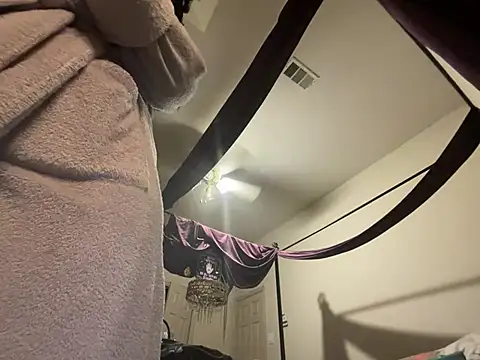 wynterheat online show from March 5, 2025, 11:49 am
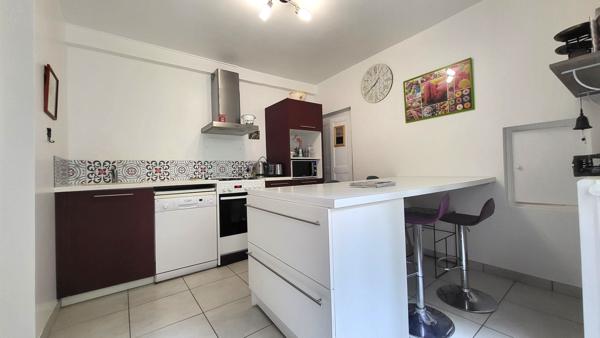 MAISON DE 145M² AU COEUR DE BEAUJEU AVEC 1700m² DE TERRAIN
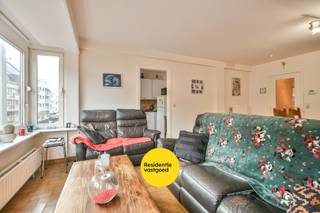 In het hart van Blankenberge, op amper enkele stappen van het station en het gezellige winkelcentrum, bevindt zich dit appartement met...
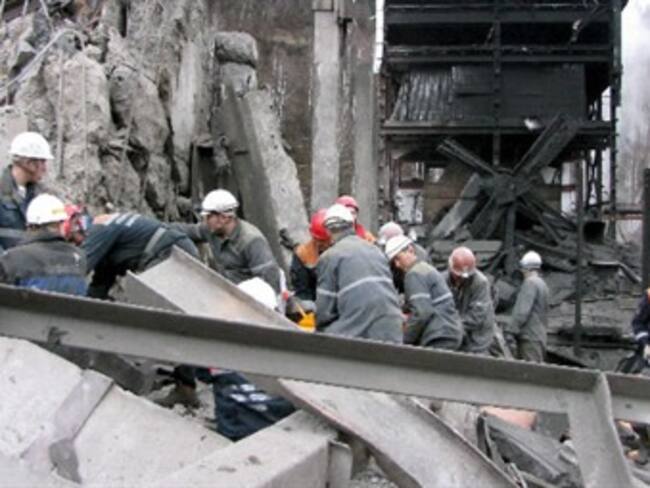 Deja 18 muertos explosión en mina de carbón de Rusia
══════════
Leaving the images out, retype all the material above exactly.

- **Task answer**:
 wynterheat online show from March 5, 2025, 11:49 am
 MAISON DE 145M² AU COEUR DE BEAUJEU AVEC 1700m² DE TERRAIN
 In het hart van Blankenberge, op amper enkele stappen van het station en het gezellige winkelcentrum, bevindt zich dit appartement met...
 Deja 18 muertos explosión en mina de carbón de Rusia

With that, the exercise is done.